OpenCL specification do not specify any global synchronization. barrier are only applicable at work-group level sychronization. As a workgroup is either completely in "wait" state or in "active" state, the thread starving scenario you explained above does not happen.
1 of 1 people found this helpful
Also there is a limit on workgroup size for every device. You can check that in clinfo or query that using clGetDeviceInfo() API.
COMPLETE workgroup is dispatched at once to a Compute Unit. Some wavefronts maybe idle while the other is computing. complete workgroup is dispatched for workgroup level synchronization like barrier() to work. It doesn't happen like a part of workgroup is dispached. This is one of the reason for the limit on workgroup size.
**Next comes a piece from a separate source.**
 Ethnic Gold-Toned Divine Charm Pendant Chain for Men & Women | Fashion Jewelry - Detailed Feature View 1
1 of 1 people found this helpful
Regardless of whether CLK_LOCAL_MEM_FENCE (or) CLK_GLOBAL_MEM_FENCE is used - Barrier only necessitates work-items inside a workgroup to synchronize. There is no global execution barrier. The LOCAL and GLOBAL flags are applicable only for the "memory fence" operation introduced by BARRIER.
So BARRIER does 2 things (please read the opencl spec as well):
1. Serve as execution barrier for all workitems inside a workgroup
2. Introduce a memory fence operation - either for local memory (or) for global memory as requested by the programmer
The memory barrier makes sure that all pending writes to the memory are completed before any read/writes are allowed.
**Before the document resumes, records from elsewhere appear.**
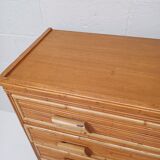 Rattan chest of drawers 60s-70s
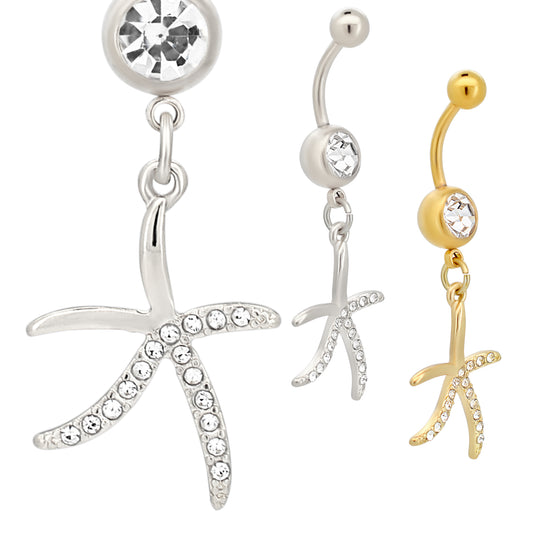 316L Stainless Steel Dangling Starfish Belly Ring, Beach Jewelry, Nautical Body Piercing, Ocean Inspired, Summer Accessory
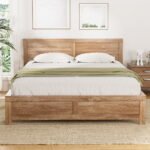 Artiss Bed Frame Queen Size Wooden Acacia Wood OATMEAL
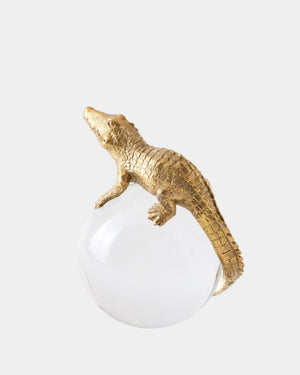Global Views Alligator on Orb – corner view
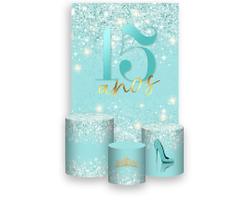 Painel De Festa Vertical 1,50 x 2,20 + Trio De Capas Cilindro - 15 Anos Efeito Glitter 024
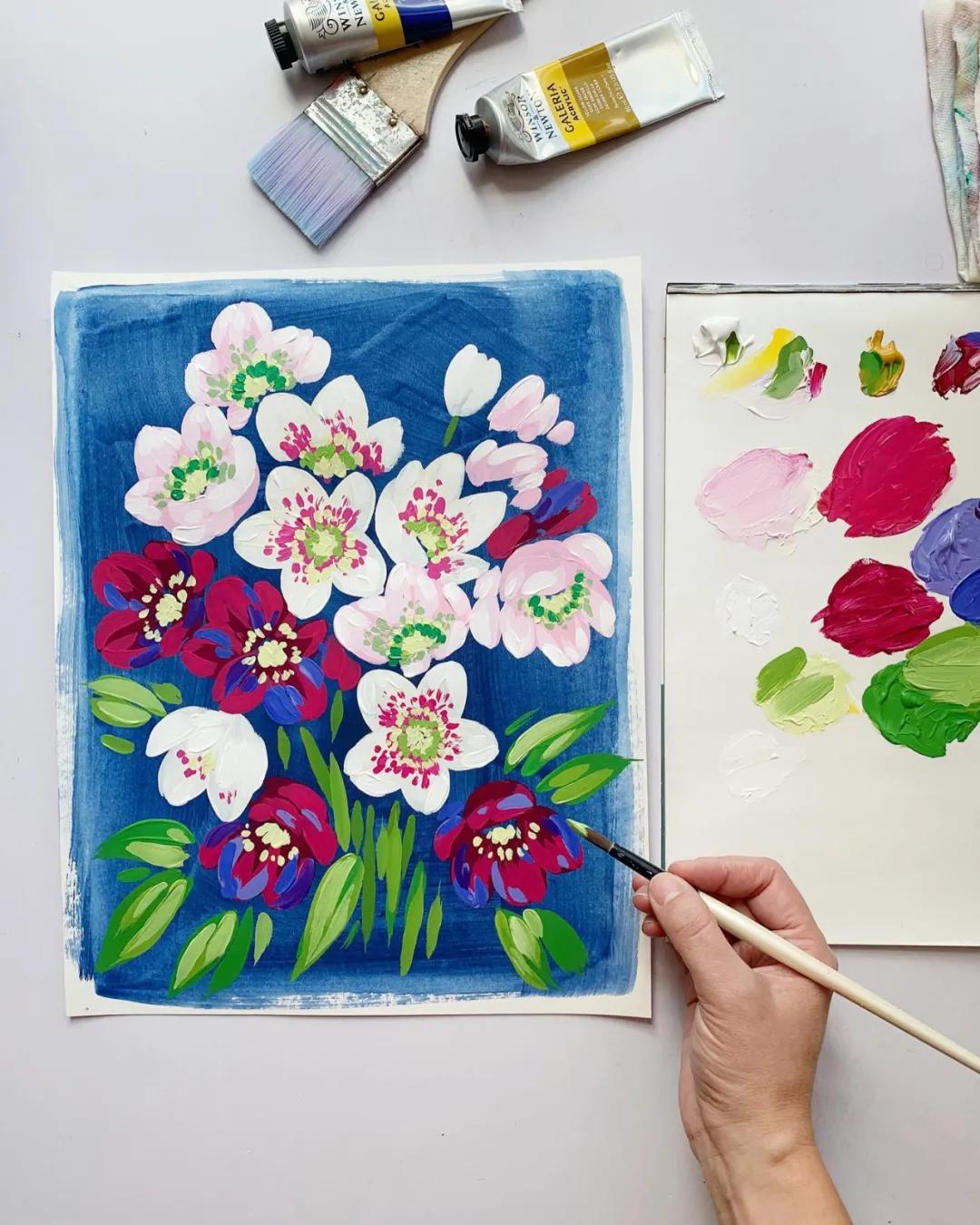 美术创意画幼儿丙烯平涂画,丙烯平涂的正确方法图解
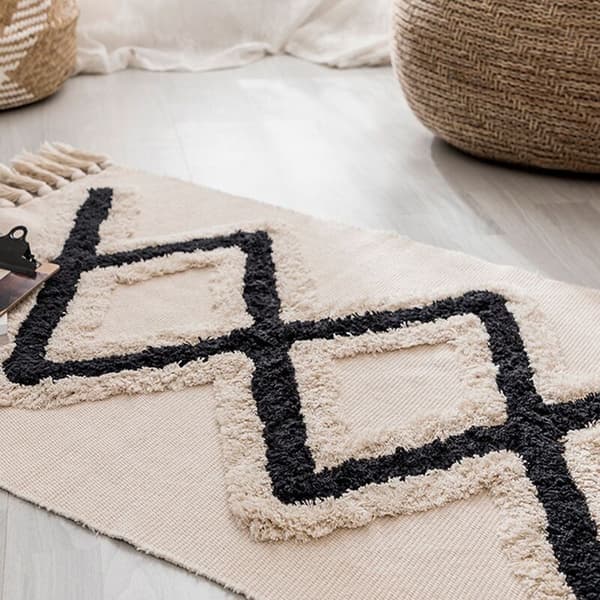 Retro Boho Handvävd Tofsmatta Lantlig Matta Geometrisk Sängmatta Golvmatta Vardagsrum Sovrum Matta Heminredning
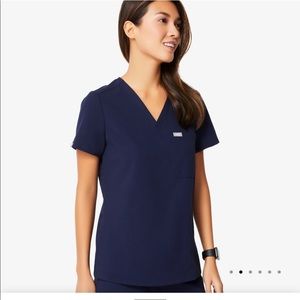 FIGS 1 pocket navy blue scrub top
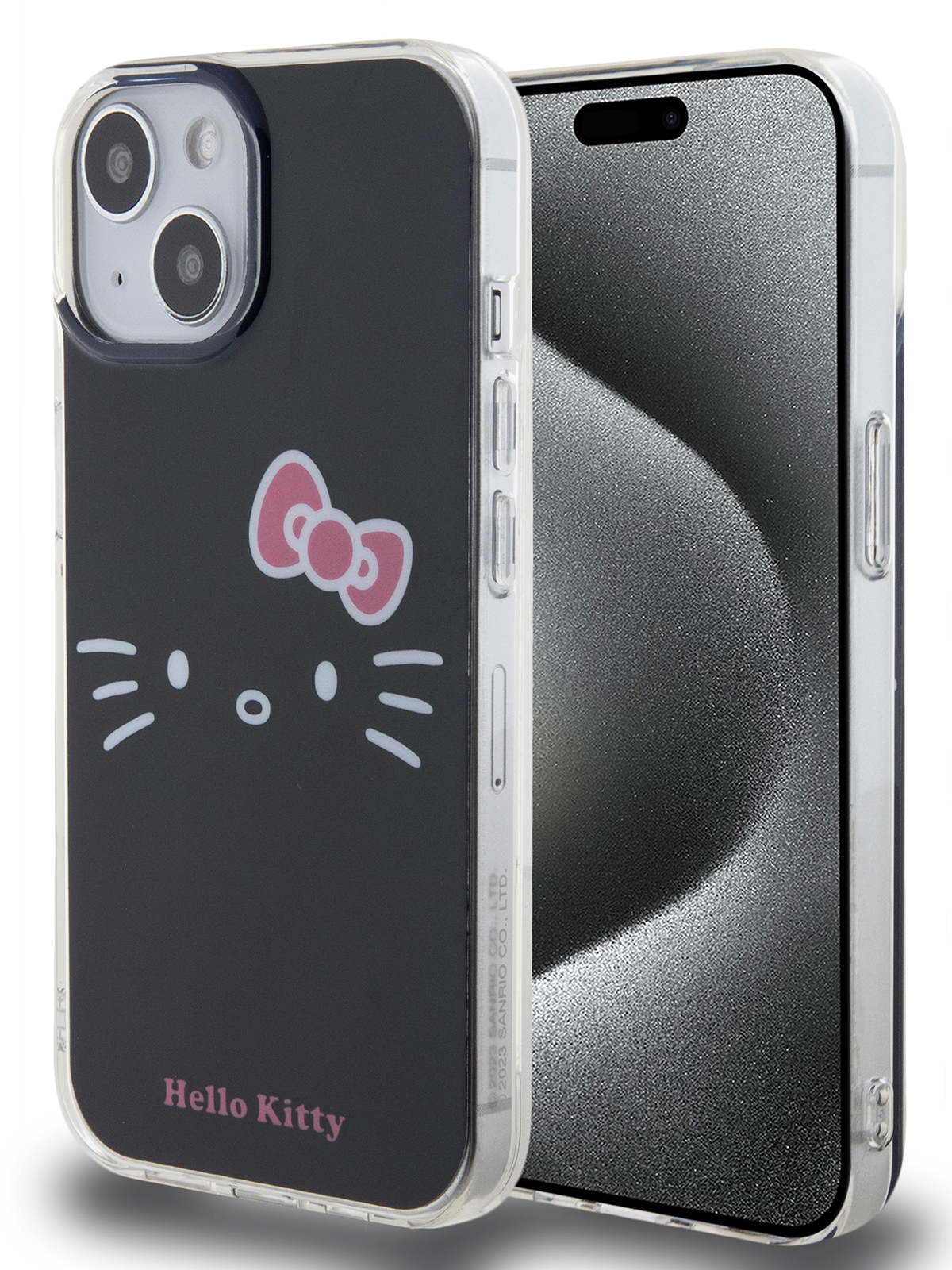 Чехол Hello Kitty для iPhone 15 ударопрочный с принтом Kitty Face, черный,  купить в Москве, цены в интернет-магазинах на Мегамаркет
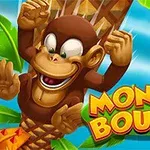 Palmiye ağacının üzerinde kollarını havaya kaldırmış neşeli bir çizgi film maymunu ve Monkey Bounce yazısı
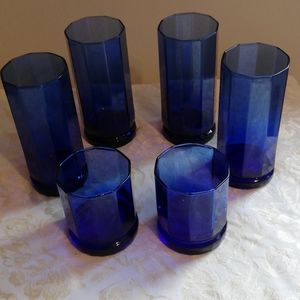 Vintage Cobalt Blue Anchor Hocking glasses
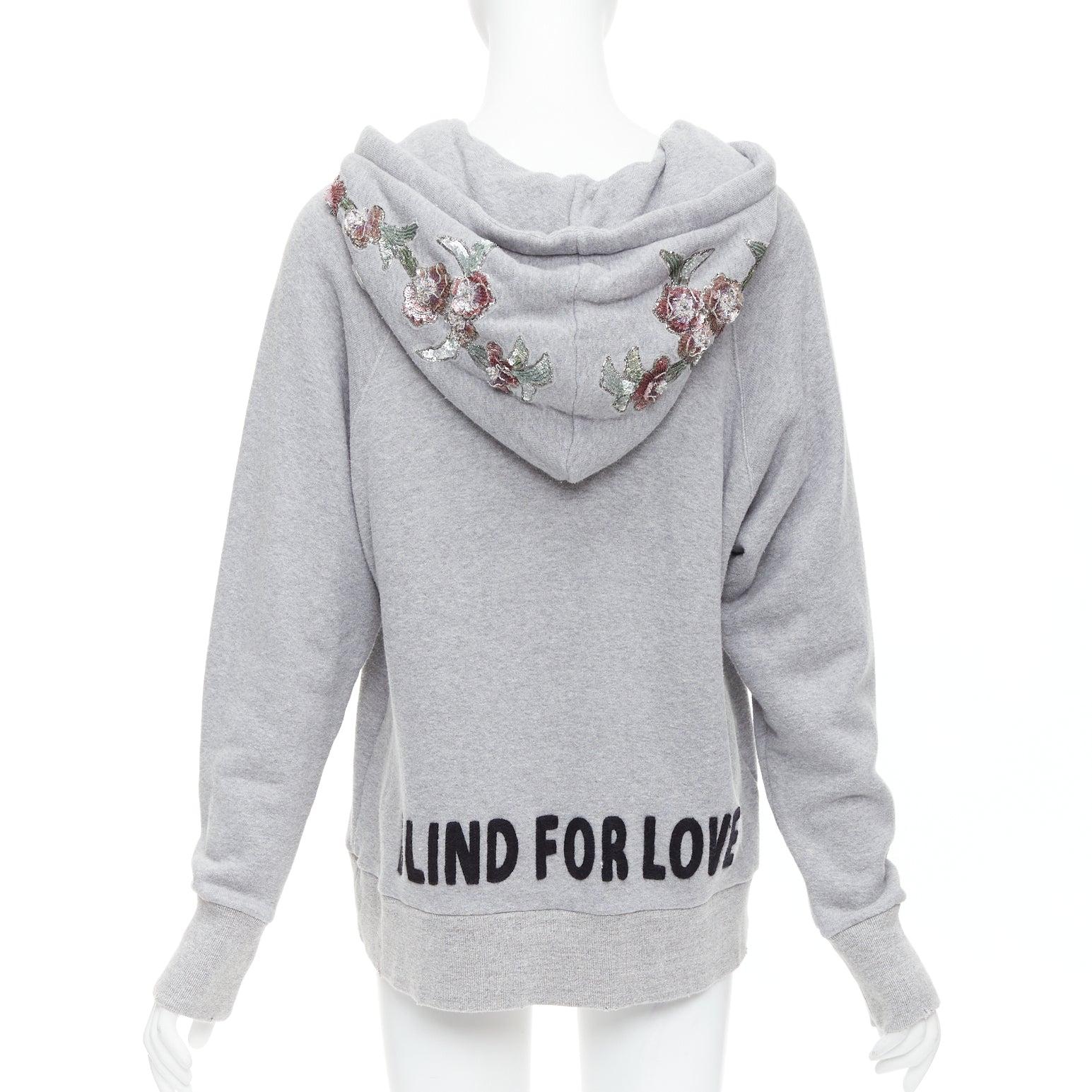  GUCCI Alessandro Michele Blind For Love sweat à capuche brodé d'un tigre gris S Pour femmes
OpenCL Spec says this about CLK_GLOBAL_MEM_FENCE:
This can be useful when work-items, for example, write to buffer or image objects and then want to read the updated data
Hope this helps
Thanks you all to correct my understanding of the barrier(CLK_GLOBAL_MEM_FENCE) and i now see, why i misunderstandet it:
"This can be useful when work-items, for example, write to buffer or image objects and then want to read the updated data"
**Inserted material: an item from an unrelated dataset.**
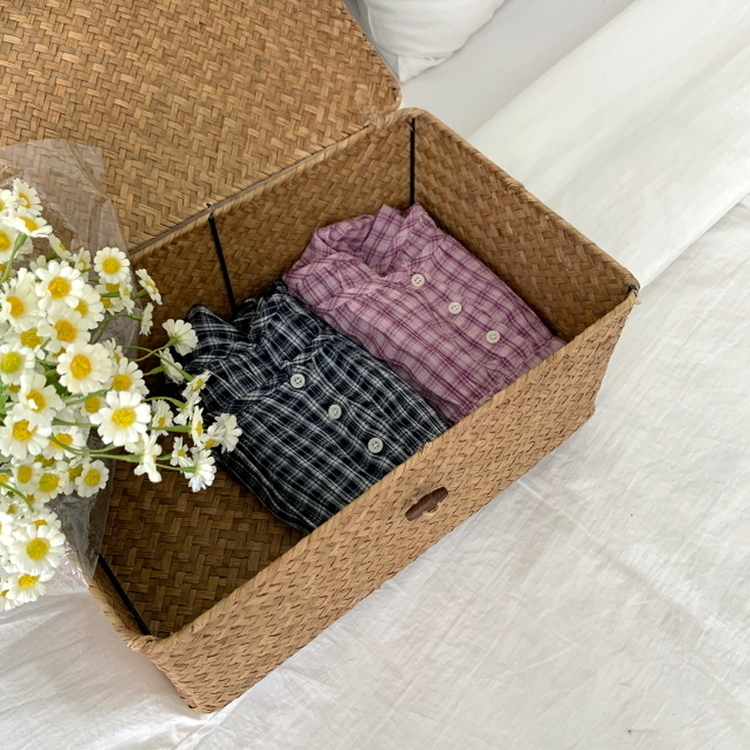 チェック半袖ブラウス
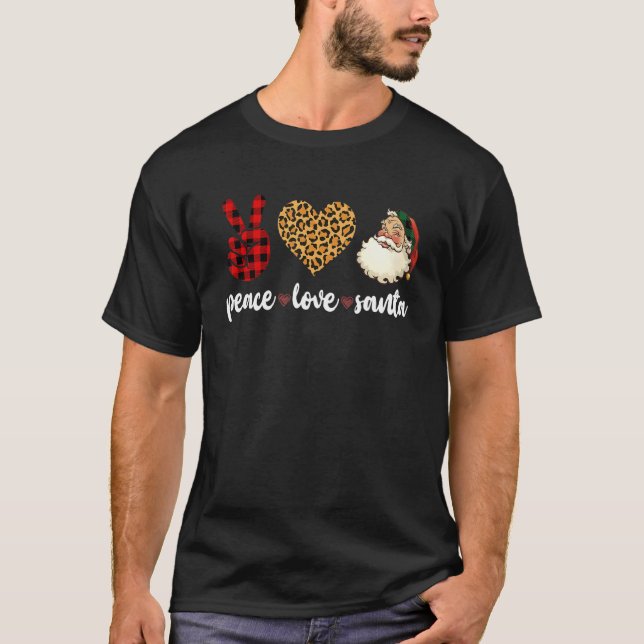 Camiseta Peace Love Santa Leopard Buffalo Plaid Christmas (Anverso)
When all workgroups are working in the same buffer object and they are writing to other locations, than they read after it. If that is true, than the statement above is not right, not?
I consider the following situation:
I have a global mem buffer which should be initialized regarding to good mem performance from the threads in parallel, even from parallel workgroups. But than i have to ensure that all threads, which are part of the initialization, are finished, before i continue working on this buffer.
But now i see that the barrier only does sync inside the workgroup, and so the simple barrier(CLK_GLOBAL_MEM_FENCE) does not solve this problem, right? Do you think, that this will be possible to utilize much workgroups without risking a deadlock?
One solution i see will be to use the first workgroup to initialize it alone and write a finish flag into a global buffer, where the others are waiting for.
Do i think to complicated or is this problem really not trivial?
This would work(although highly not recommended) if you assume first workgroup was scheduled to launch in the beginning.
You never know, different runtimes might schedule the workgroups differently and you might endup in a deadlock.
Querying global memory in a while loop would be a serious performance issue.
Another way for global workgroup sync would be to use multiple kernel launches. Kernel launches serve as sync points.
Your understanding and rationle are correct. But you have to note that BARRIER itself is described only for workitems belonging to a workgroup. There are no inter-workgroup relations that are considered.
As you rightly put, One really cannot use this global-fence-barrier for global synchronization i.e. one cannot assume that "all" workitems in the kernel would have written what they wanted to write.
Simply because "all" of them don't execute simultanesouly (scheduling of workgroups is typically in batches - one batch after another).
Also, not "all" workgroups of the kernel would execute that barrier at the same time. So, this should not be used for any inter "workgroup" communication.
The only place where inter-workgroup communication would work is probably while "searching".
Say all workgroups are searching for some solution and 1 work-group which finds the solution has to signal a "FLAG" to break others from searching, this global fence would be handy. The fence must be used by all workgroups both during reading and writing the FLAG.
The example described in the spec (to read back what was written earlier) probably holds good for intra-workgroup. Thats what one can assume.
Thanks you all for your further advise.
As I was replying to another thread, I thought that is applicable to your thread as well.
Please check "Memory consistency" section in OpenCL spec.
This is how it begins....
3.3.1 Memory Consistency
OpenCL uses a relaxed consistency memory model; i.e. the state of memory visible to a workitem
is not guaranteed to be consistent across the collection of work-items at all times.
Within a work-item memory has load / store consistency. Local memory is consistent across
work-items in a single work-group at a work-group barrier. Global memory is consistent across
work-items in a single work-group at a work-group barrier, but there are no guarantees of
memory consistency between different work-groups executing a kernel.